▸ Work request: The required output is the exact run of lines from the one that contains "Math 6 - Addition of Integers | PPTX" to the end of the data, with every picture left out.

[Short descriptive text snippets]

_ _ _

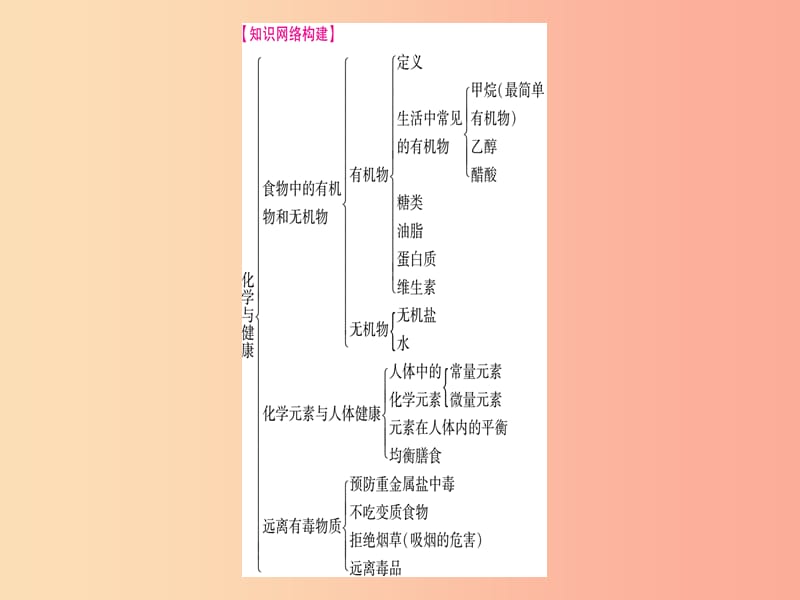 2019年秋九年级化学全册第10单元化学与降小结习题课件新版鲁教版.ppt_第2页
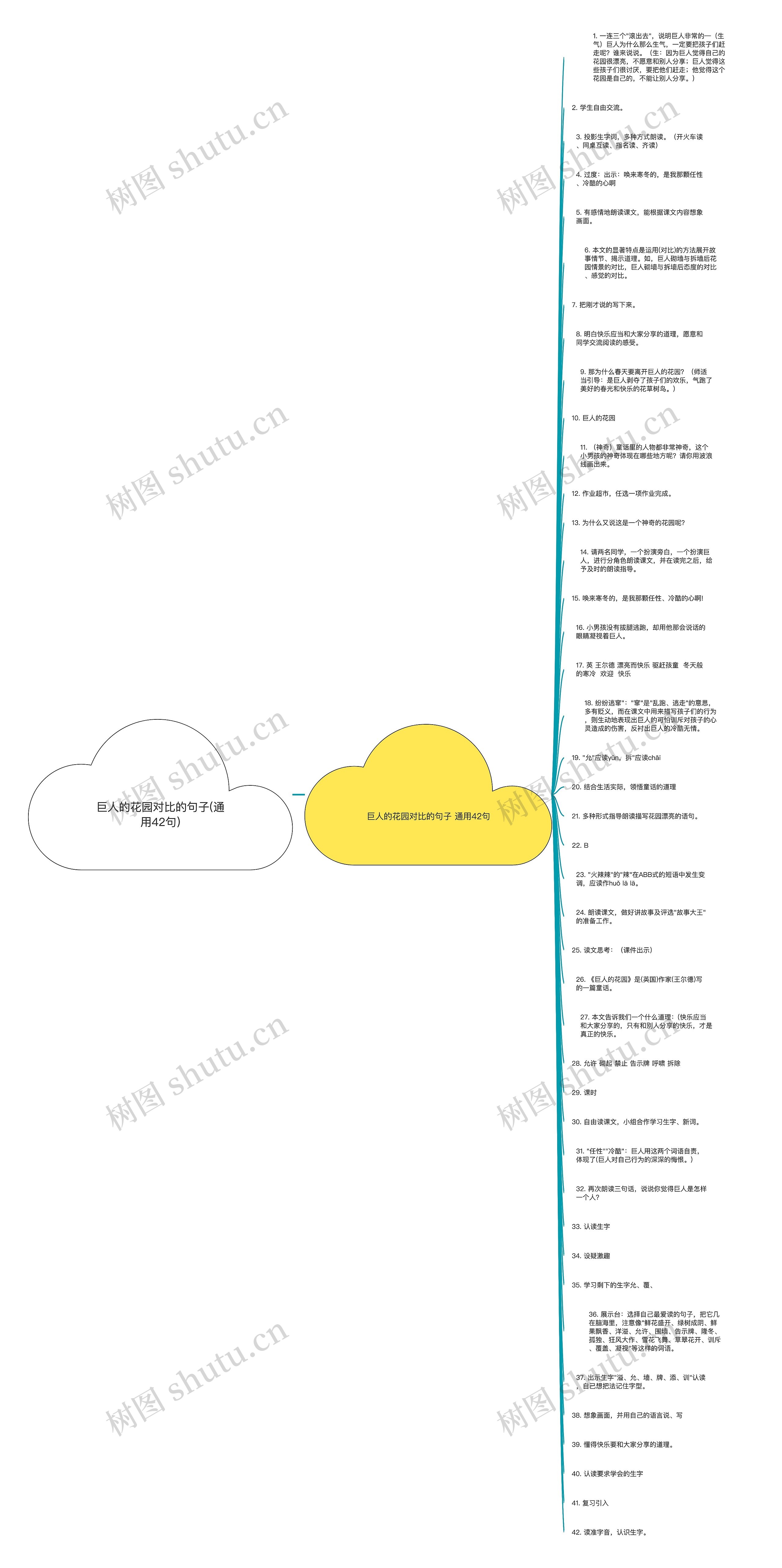 巨人的花园对比的句子(通用42句)思维导图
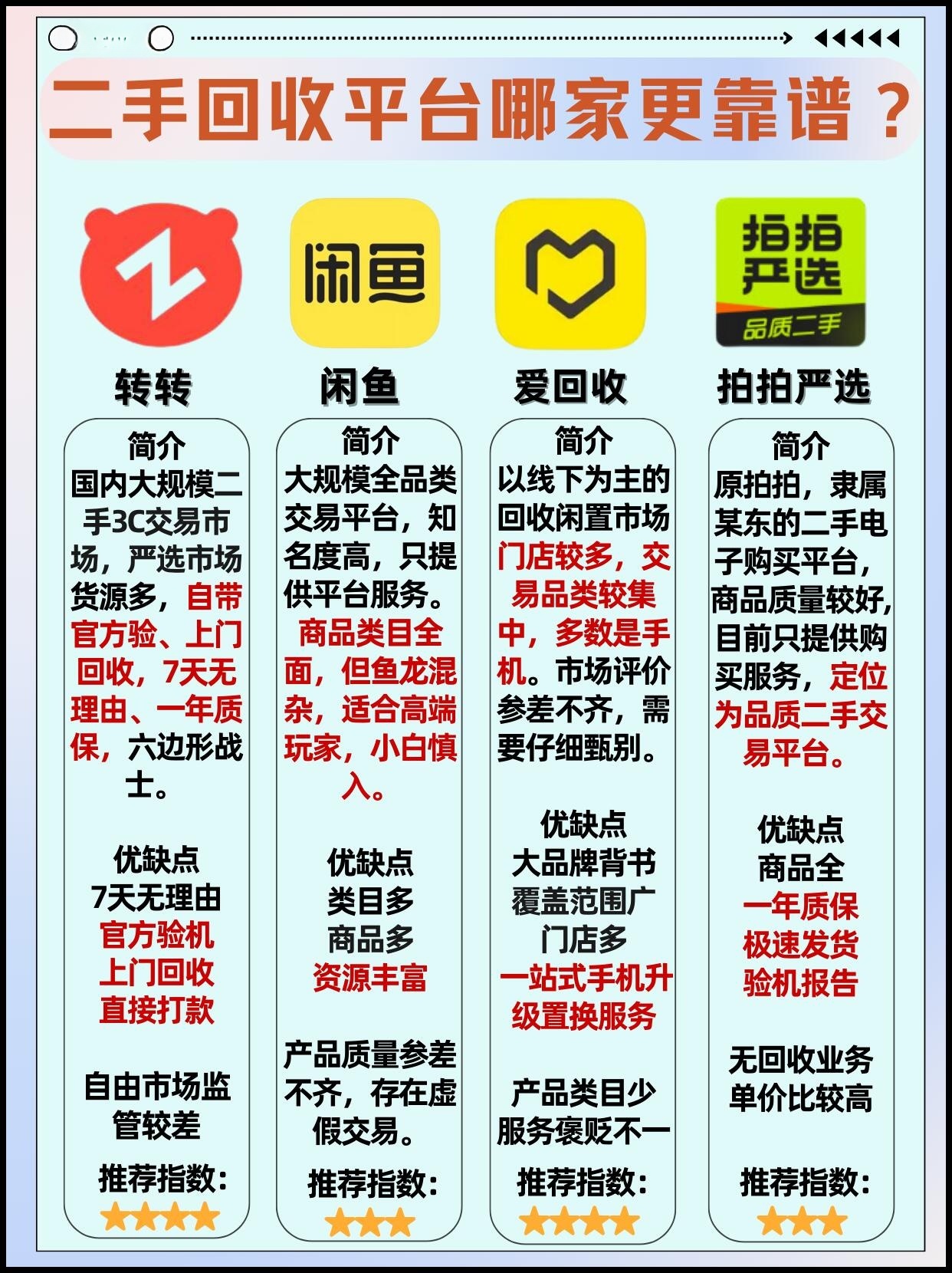 个人手机号码出售平台哪个好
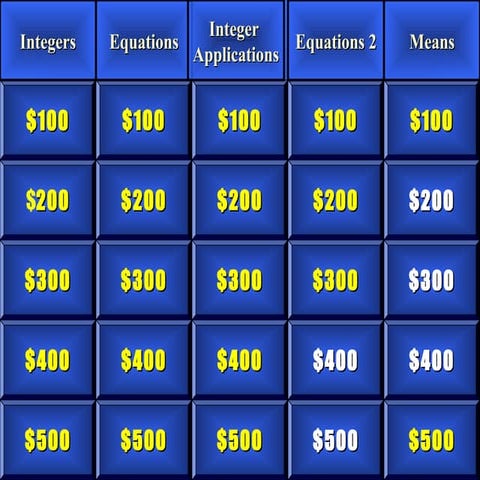Math 6 - Addition of Integers | PPTX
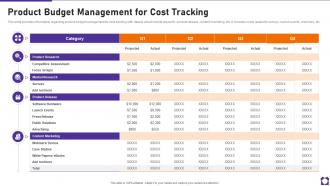 Product Budget Management For Cost Tracking Product Launch Playbook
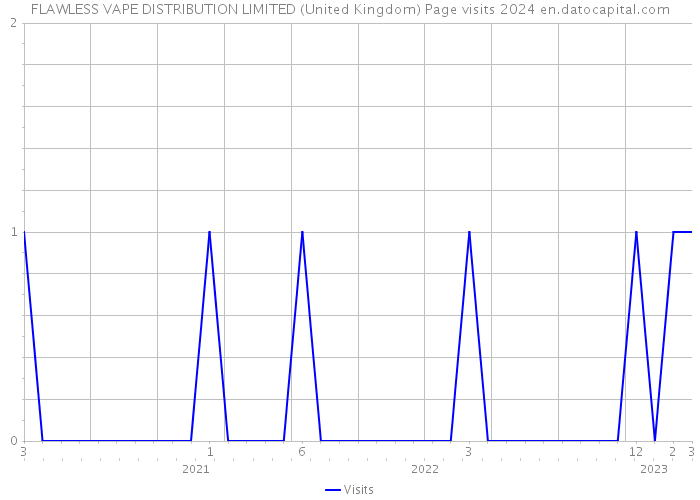 FLAWLESS VAPE DISTRIBUTION LIMITED (United Kingdom) Page visits 2024 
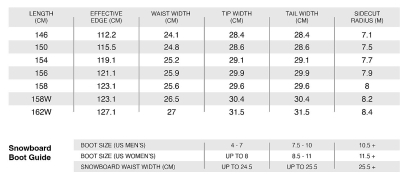 Сноуборд Whitespace Freestyle Shaun White Pro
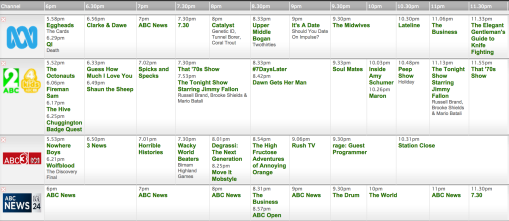 ABC schedule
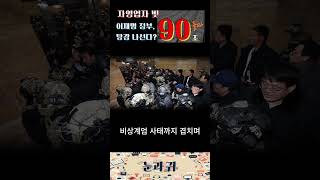 빚이냐, 탕감이냐…숙박·음식 대출 90조 시대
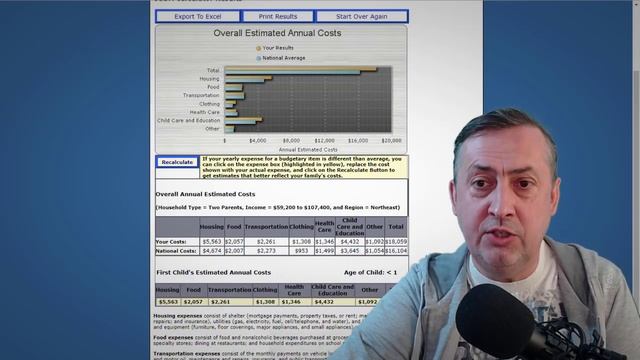 Меганыч - Сколько стоит вырастить ребенка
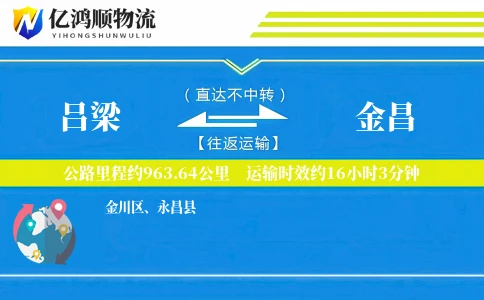 吕梁到金昌物流公司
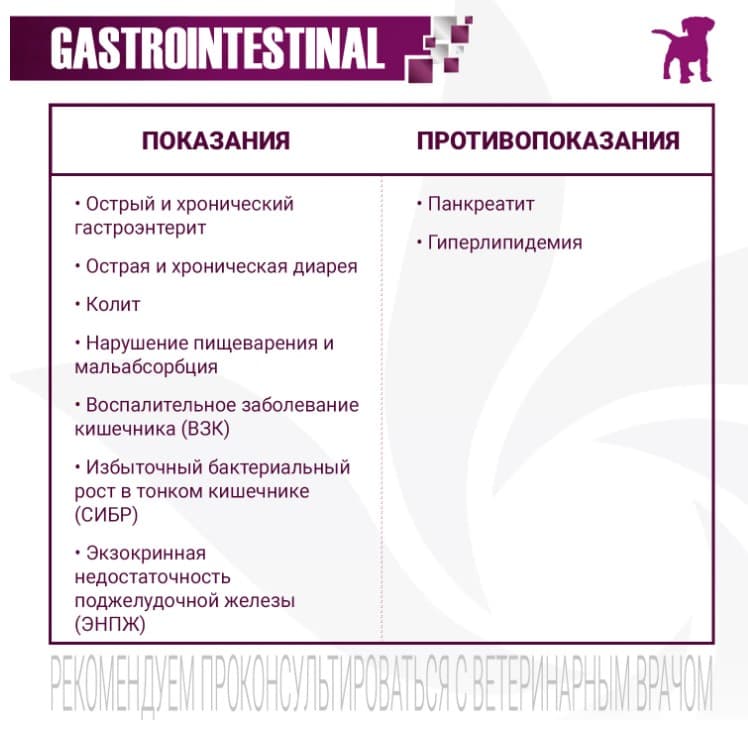 Лечебное питание для щенков Monge VetSolution Gastrointestinal Puppy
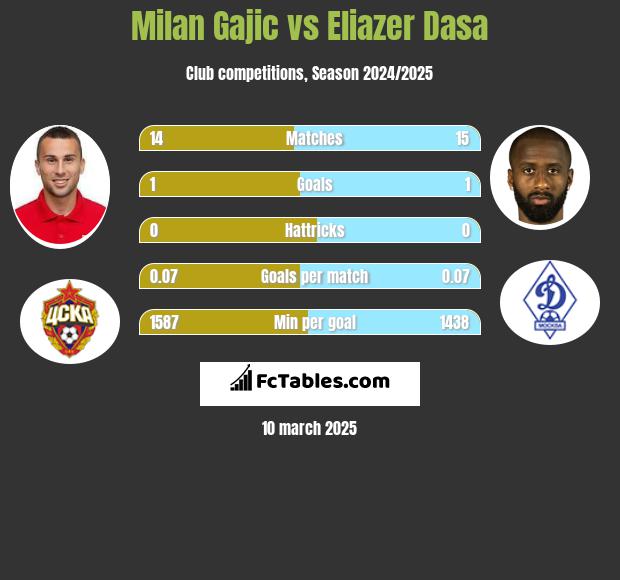 Milan Gajic vs Eliazer Dasa h2h player stats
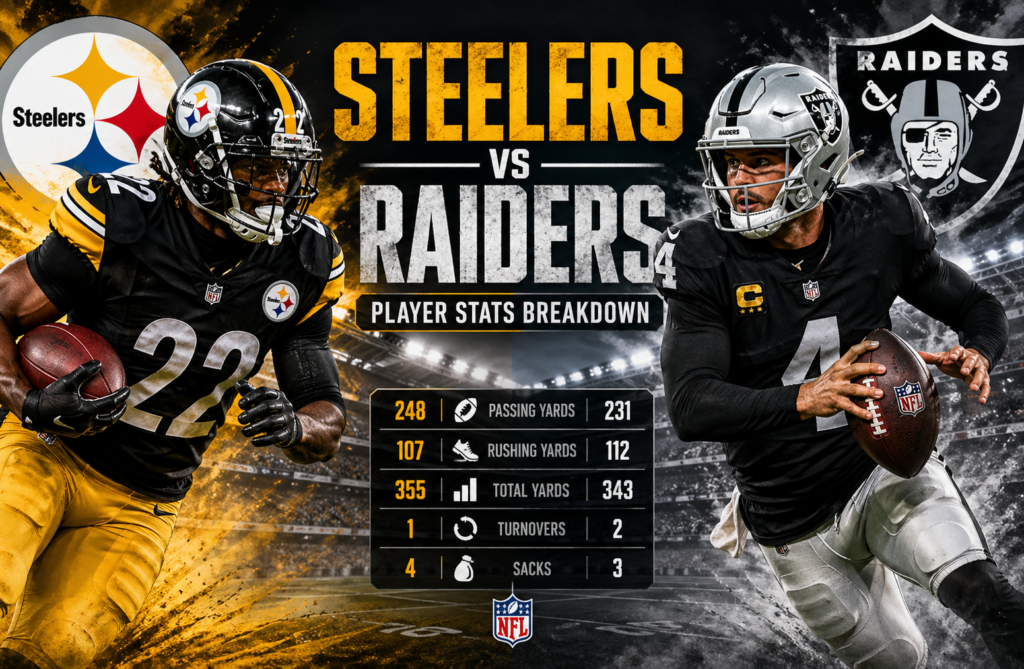 Steelers vs Las Vegas Raiders Match Player Stats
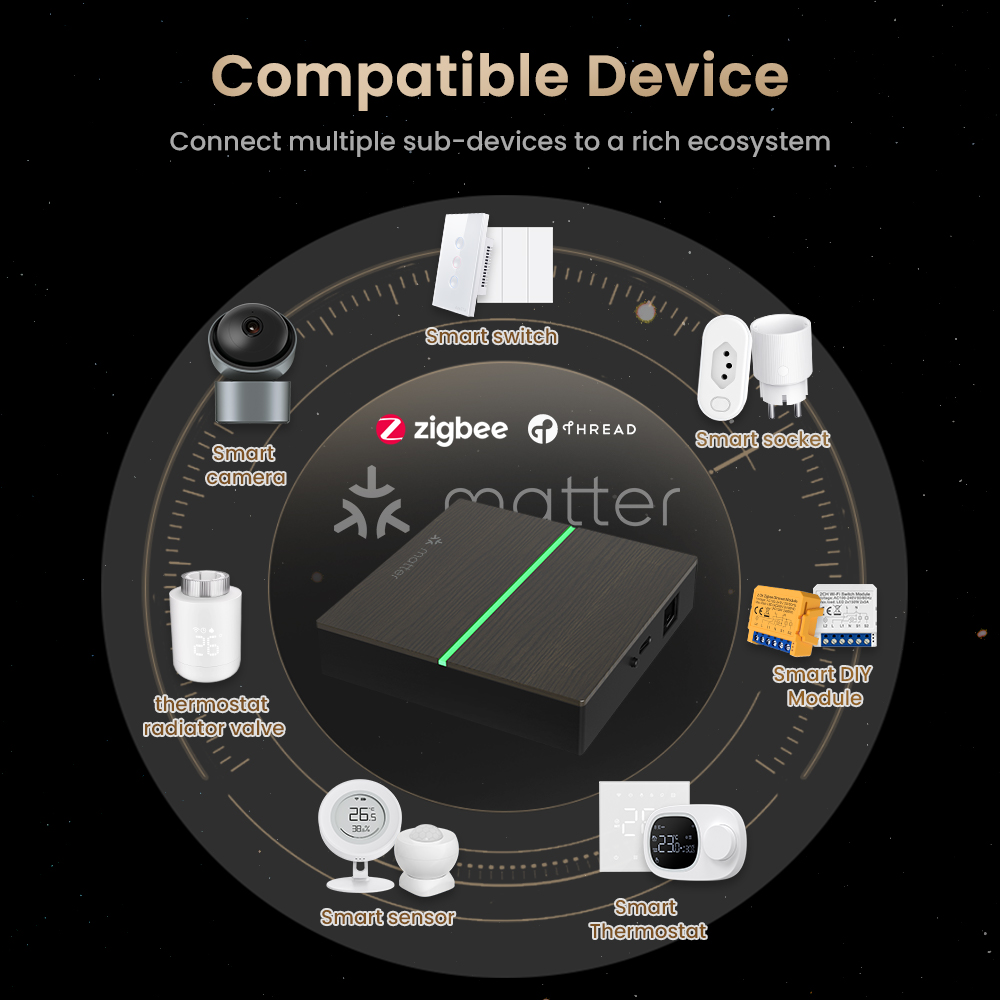 بوابة ذكية سلكية من AVATTO تدع - مراجعة Smart Home Control Panel وسعره
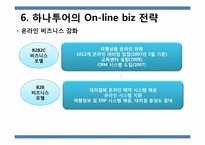 하나투어 인터넷비즈니스 마케팅 전략-15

_ _ _

▸ Answer to this task:
Math 6 - Addition of Integers | PPTX
 Product Budget Management For Cost Tracking Product Launch Playbook
 FLAWLESS VAPE DISTRIBUTION LIMITED (United Kingdom) Page visits 2024 
 Сноуборд Whitespace Freestyle Shaun White Pro
 ABC schedule
 빚이냐, 탕감이냐…숙박·음식 대출 90조 시대
 Меганыч - Сколько стоит вырастить ребенка
 吕梁到金昌物流公司
 Лечебное питание для щенков Monge VetSolution Gastrointestinal Puppy
 Milan Gajic vs Eliazer Dasa h2h player stats
 Steelers vs Las Vegas Raiders Match Player Stats
 بوابة ذكية سلكية من AVATTO تدع - مراجعة Smart Home Control Panel وسعره
 하나투어 인터넷비즈니스 마케팅 전략-15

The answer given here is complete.